L’élévation et la masse des montagnes qui leur succèdent, leurs pentes rapides qui laissent peu de place à la culture; leur forme hardie et bizarre; les pointes et les arrêtes tranchantes de leurs cimes; la profondeur des vallons et des ravines qui les sillonnent, font reconnaître les Alpes.

Entouré par ces hautes montagnes qui forment un vaste cirque, le lac à son extrémité orientale prend un caractère imposant et sévère. Ces masses énormes qui pressent le rivage et qui semblent se précipiter dans les eaux, viennent y réfléchir leurs contours fortement dessinés, et leurs sombres forêts. La suite des sommités est interrompue par le Rhône qui, en frayant sa route, a creusé un large vallon. Il forme sur un espace de quelques lieues la limite entre les Cantons du Valais et de Vaud. Le fleuve coule dans une plaine nivelée par ses eaux, il se sépare en trois branches et arrive au lac en traversant les attérissemens qu’il a formés.

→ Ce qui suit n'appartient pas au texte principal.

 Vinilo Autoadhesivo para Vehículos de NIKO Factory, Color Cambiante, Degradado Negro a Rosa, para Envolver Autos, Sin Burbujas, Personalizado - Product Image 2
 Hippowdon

Les pêches du lac varient suivant la saison et les points du rivage. La truite qui pour frayer, remonte le Rhône à son embouchure et le descend à sa sortie, est arrêtée par des nasses près de St. Maurice et à Genève; dans les derniers mois de l’automne, on en prend d’un poids considérable. On fait avec le grand filet, au commencement de l’été, la pèche du féra sur un banc situé vis-à-vis le village de Cologny, nommé banc du travers; les nuits des mois d’Août et de Septembre sont employées à la pêche du même poisson, par les habitans de la rive du Chablais; pendant l’hiver ils font celle de la lotte, avec le petit Clet; ils tendent aussi des fils en grande eau. Quelquefois on coupe un arbre garni de toutes ses feuilles, on le place dans l’eau où on l’assujettit avec des fils de fer, qui, attachés aux branches, portent des poids à leur extrémité et le maintiennent ainsi dans une position verticale; pendant la chaleur les poissons viennent y chercher de l’ombre, dans les orages ils y trouvent un refuge; au moment de la pêche on entoure l’arbre de filets et on frappe l’eau à l’entour.

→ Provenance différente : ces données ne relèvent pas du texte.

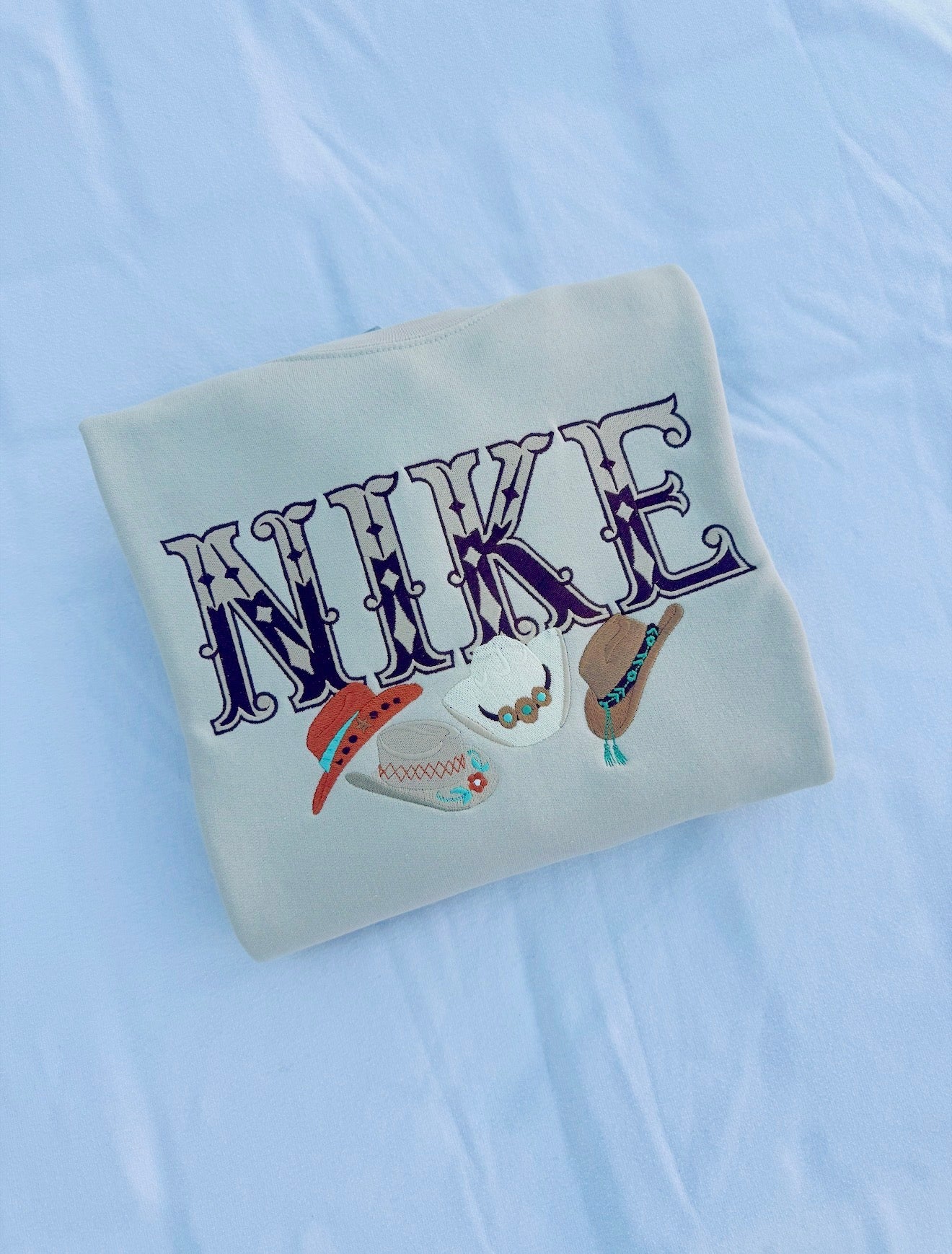Wild West Crewneck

Un ouvrage du célebre naturaliste Jurine, dont on attend la publication, donnera la description exacte de tous les habitans de notre lac. Les oiseaux qui fréquentent ses rives ont été aussi décrits. On voit sautiller le long des bords la lavandière grise et la bergeronette, qui se nourrissent des insectes qui voltigent sur les eaux; le martin-pêcheur au brillant plumage: les oiseaux de marais se rassemblent à l’embouchure de la Dranse et du Rhône, dans les attérissemens et les roseaux de la côte. On voit voler d’une aile rapide au-dessus de l’onde, la mouette, qui va y chercher le poisson, et l’hirondelle de mer aux ailes blanches, qui l’enlève à la surface. Ces oiseaux se rassemblent souvent en grand nombre quand les flots sont agités, ils se jouent et se poursuivent, on les entend mêler leurs cris, au bruit des vagues et des vents.

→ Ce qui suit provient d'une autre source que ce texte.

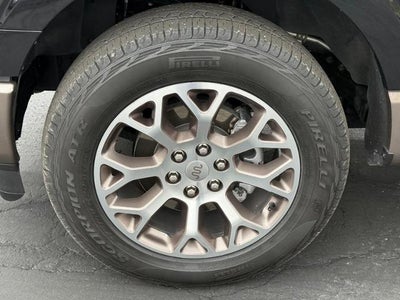 2022 Ford F-150 King Ranch 4WD SuperCrew 5.Box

La bécassine se confond par sa couleur grise avec les cailloux sur lesquels elle se pose; le chasseur la suit doucement le long du rivage ou côtoye les bords sur un bateau, l’oiseau fuit devant son ennemi, et s’il n’est prévenu, il s’envole en poussant un léger cri.

Le canard sauvage qui arrive pendant l’automne en grande troupe des pays du nord, passe une partie de la journée sur le lac, lorsque les eaux sont paisibles il s’y endort: alors l’habitant des rives qui le découvre de loin, part pour le surprendre dans un bateau construit exprès pour cette chasse, si étroit qu’il ne peut contenir qu’un seul homme; couché dans le fond, sa longue carabine posée sur la proue, il s’avance, faisant mouvoir son esquif par une rame placée au-dessous de lui, il s’approche sans être aperçu de la troupe qui repose, se confiant à la tranquillité des ondes, et à la pureté du ciel.

Dans les beaux jours de l’hiver, lorsque pas un souffle n’agite les eaux, on part pour la chasse au grèbe, dans un bateau garni de vigoureux rameurs; dès qu’on aperçoit la tête blanche de l’animal au-dessus de la surface calme et unie, une décharge générale le force à plonger; on est attentif à l’endroit où il reparaîtra, pour reprendre haleine: à l’instant on se dirige sur lui, et de nouveaux coups le font plonger encore; reparaissant et toujours poursuivi sans relâche, le grèbe, dont les stations dans le fond deviennent toujours plus courtes, se laisse enfin approcher et saisir, quelquefois même sans avoir été blessé.